Burgoon Lyle D, Zacharewski Timothy R
Department of Biochemistry & Molecular Biology, Michigan State University, East Lansing, Michigan, USA.
Methods Mol Biol. 2008;460:145-57. doi: 10.1007/978-1-60327-048-9_7.
"Omics" experiments amass large amounts of data requiring integration of several data sources for data interpretation. For instance, microarray, metabolomic, and proteomic experiments may at most yield a list of active genes, metabolites, or proteins, respectively. More generally, the experiments yield active features that represent subsequences of the gene, a chemical shift within a complex mixture, or peptides, respectively. Thus, in the best-case scenario, the investigator is left to identify the functional significance, but more likely the investigator must first identify the larger context of the feature (e.g., which gene, metabolite, or protein is being represented by the feature). To completely annotate function, several different databases are required, including sequence, genome, gene function, protein, and protein interaction databases. Because of the limited coverage of some microarrays or experiments, biological data repositories may be consulted, in the case of microarrays, to complement results. Many of the data sources and databases available for gene function characterization, including tools from the National Center for Biotechnology Information, Gene Ontology, and UniProt, are discussed.

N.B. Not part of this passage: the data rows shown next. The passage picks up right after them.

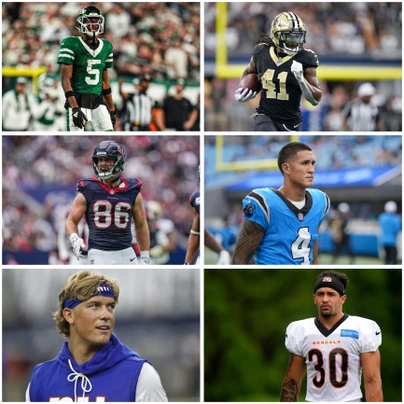 Week 5 NFL Sunday Bet Slip🏈:

$25 To Someone Who Likes If We Go 6/6✅

Garrett Wilson o64.5 Rec Yds (-113)
Dalton Schultz o26.5 Rec Yds (-112)
Jaxon Dart o7.5 Rush Att (+104)
Alvin Kamara o56.5 Rush Yds (-110)
Tetairoa McMillan o63.5 Rec Yds (-114)
Chase Brown u53.5 Rush Yds (-120)

Sorry for the lack of writeups, have been really busy with school & IRL stuff.

Drop a ♥️ if you're tailing!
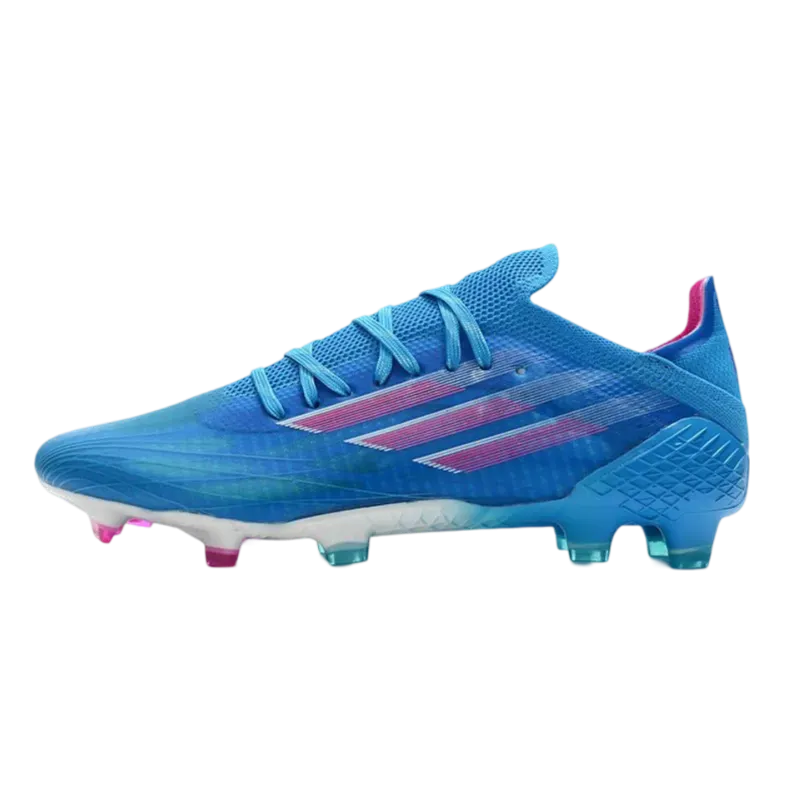 Adidas X Speedflow.1 FG Blue - Goatkits Boots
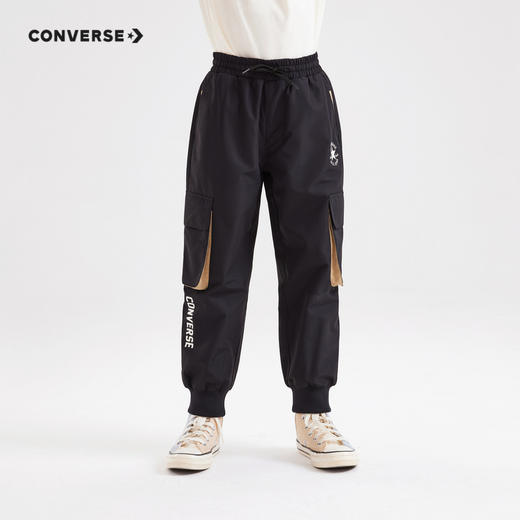 CONVERSE 匡威 秋 大童小童 儿童童装长裤 CNVB-WP-F144 商品图0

“组学”实验积累了大量数据,需要整合多个数据源来解释数据。例如,微阵列、代谢组学和蛋白质组学实验最多可能分别产生一份活跃基因、代谢物或蛋白质的列表。更一般地说,这些实验分别产生代表基因子序列、复杂混合物中的化学位移或肽段的活跃特征。因此,在最佳情况下,研究人员需要自行确定功能意义,但更有可能的是,研究人员必须首先确定该特征的更大背景(例如,该特征代表哪个基因、代谢物或蛋白质)。为了完全注释功能,需要几个不同的数据库,包括序列、基因组、基因功能、蛋白质和蛋白质相互作用数据库。由于某些微阵列或实验的覆盖范围有限,对于微阵列而言,可能需要查阅生物数据储存库以补充结果。本文讨论了许多可用于基因功能表征的数据源和数据库,包括来自美国国立生物技术信息中心、基因本体论和通用蛋白质数据库的工具。